» WORK TO BE COMPLETED: Start to finish, return the listing below exactly, pictures excluded.

» RECORDED DATA:
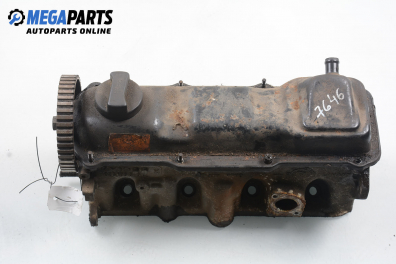 Engine head for Volkswagen Golf III 1.8, 75 hp, 5 doors, 1992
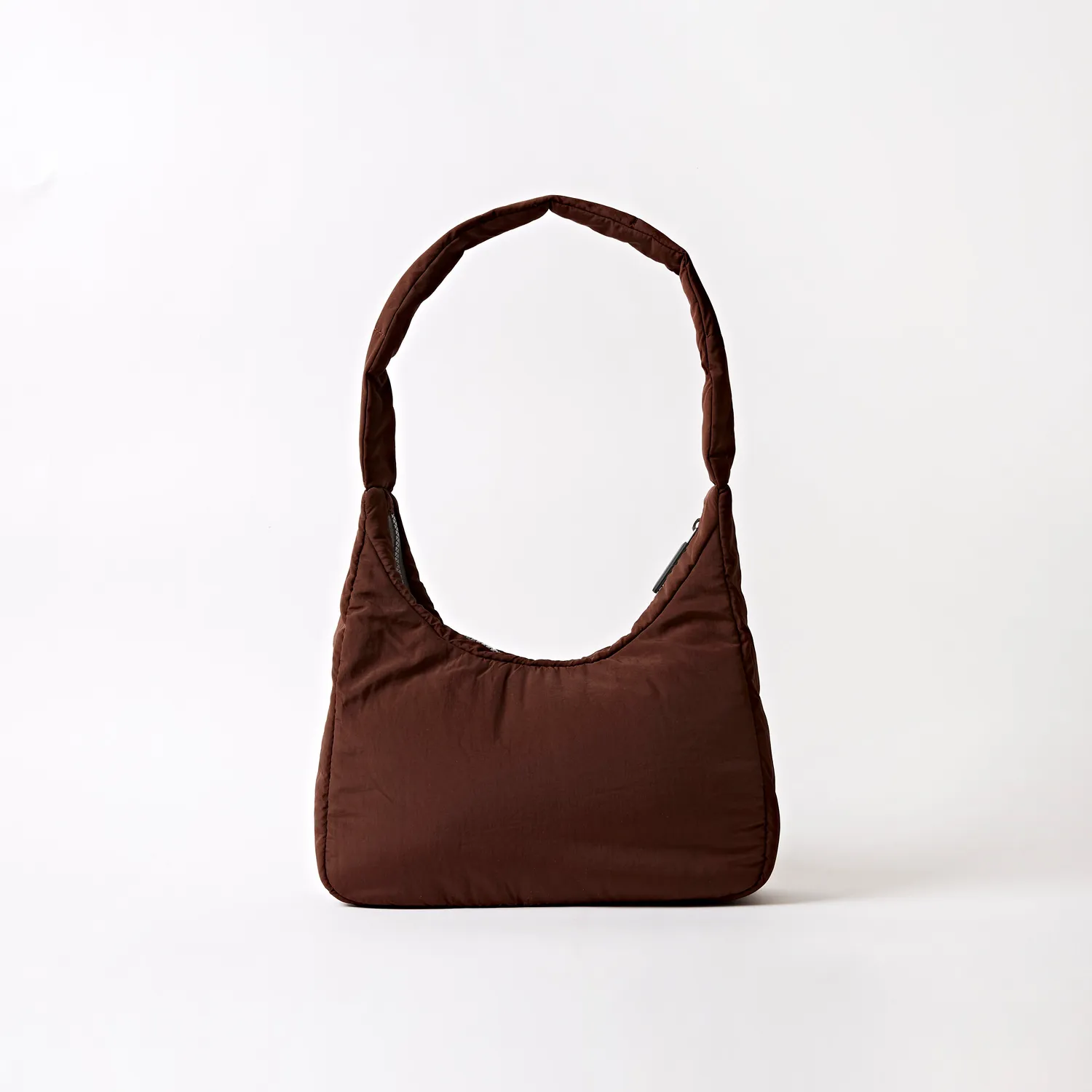 Roka London Belsize håndtaske Chocolate Small 7L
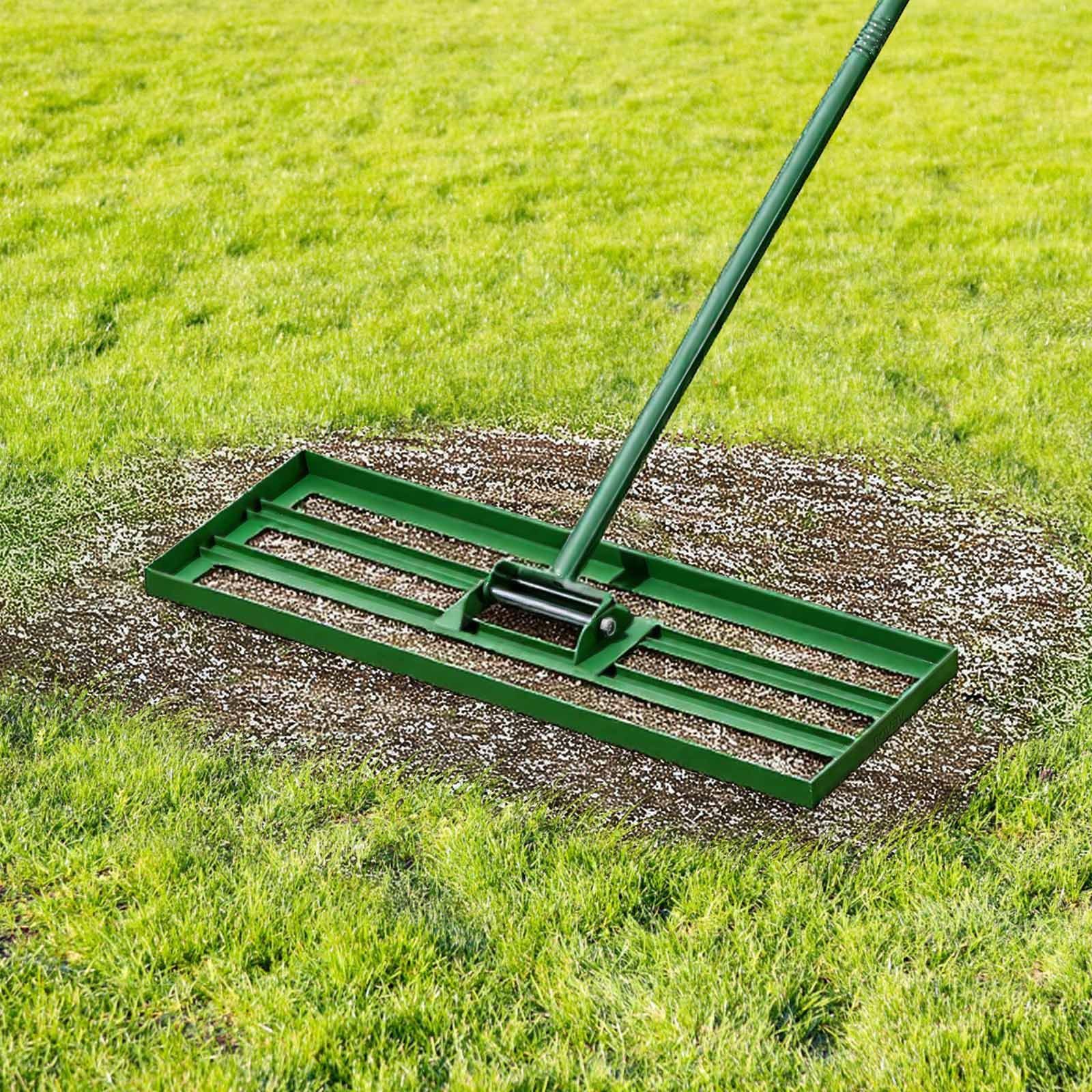 Lawn Leveling Rake, 30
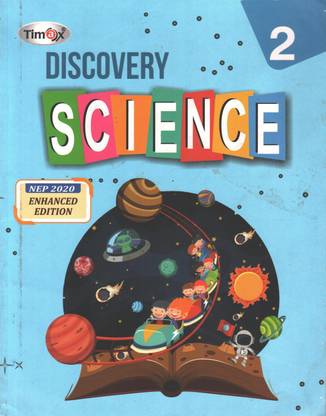 DISCOVERY SCIENCE CLASS 2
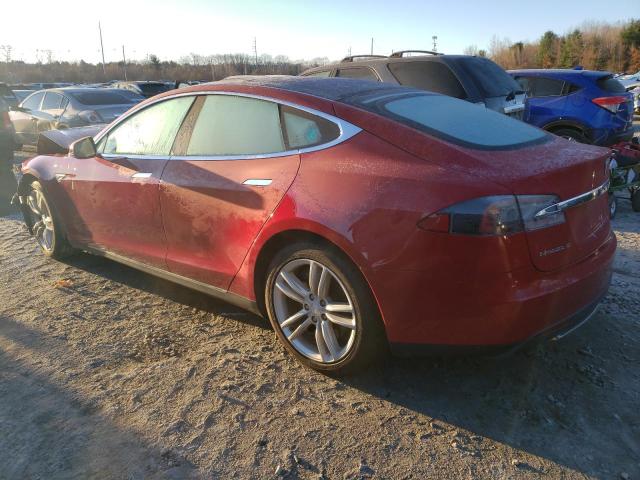 Photo 1 VIN: 5YJSA1E29FF118418 - TESLA MODEL S 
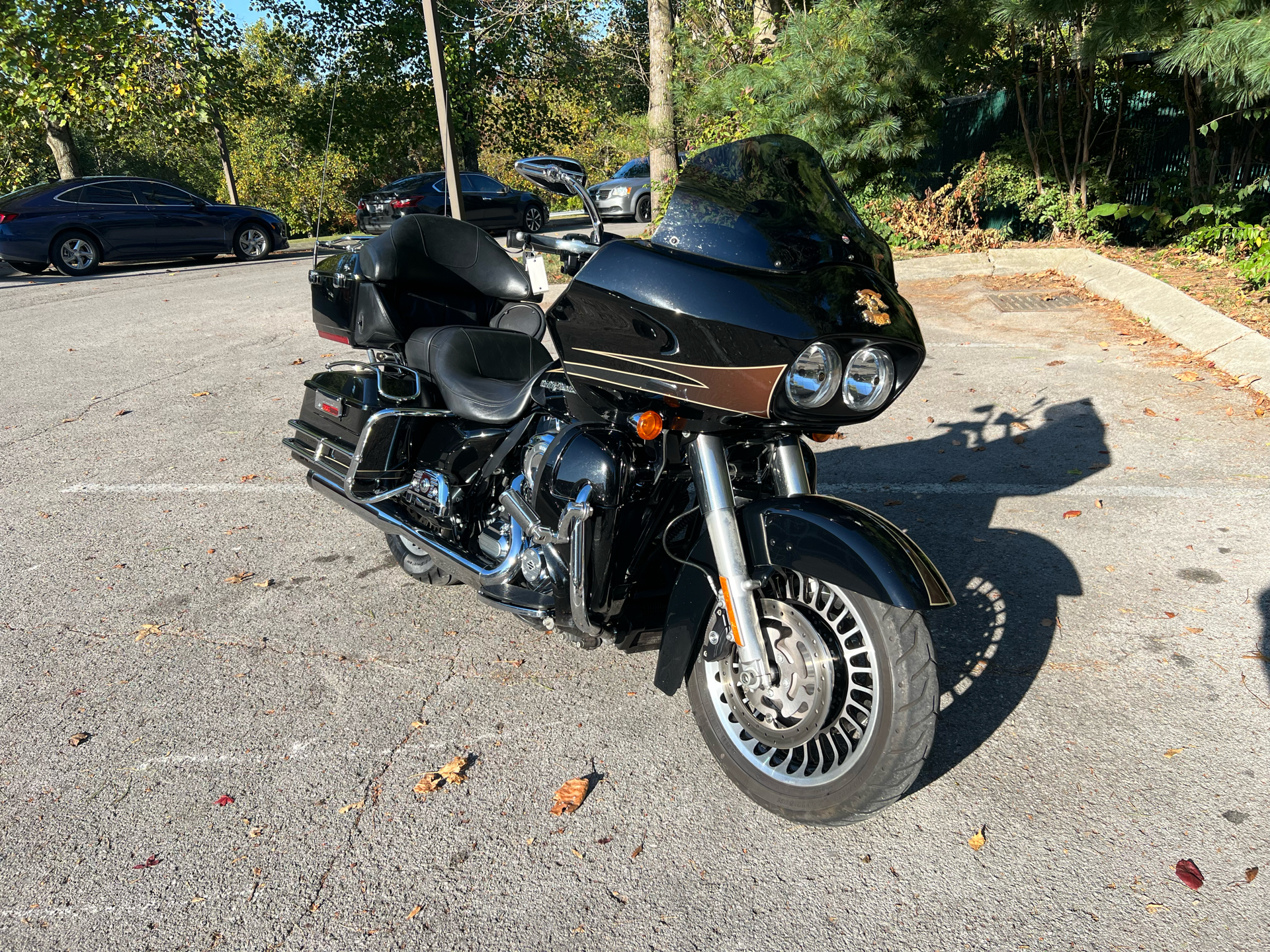 2013 Harley-Davidson Road Glide® Ultra in Franklin, Tennessee - Photo 4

» OUTPUT OF THE TASK:
 Engine head for Volkswagen Golf III 1.8, 75 hp, 5 doors, 1992
 Roka London Belsize håndtaske Chocolate Small 7L
 Lawn Leveling Rake, 30
 DISCOVERY SCIENCE CLASS 2
 Photo 1 VIN: 5YJSA1E29FF118418 - TESLA MODEL S 
 2013 Harley-Davidson Road Glide® Ultra in Franklin, Tennessee - Photo 4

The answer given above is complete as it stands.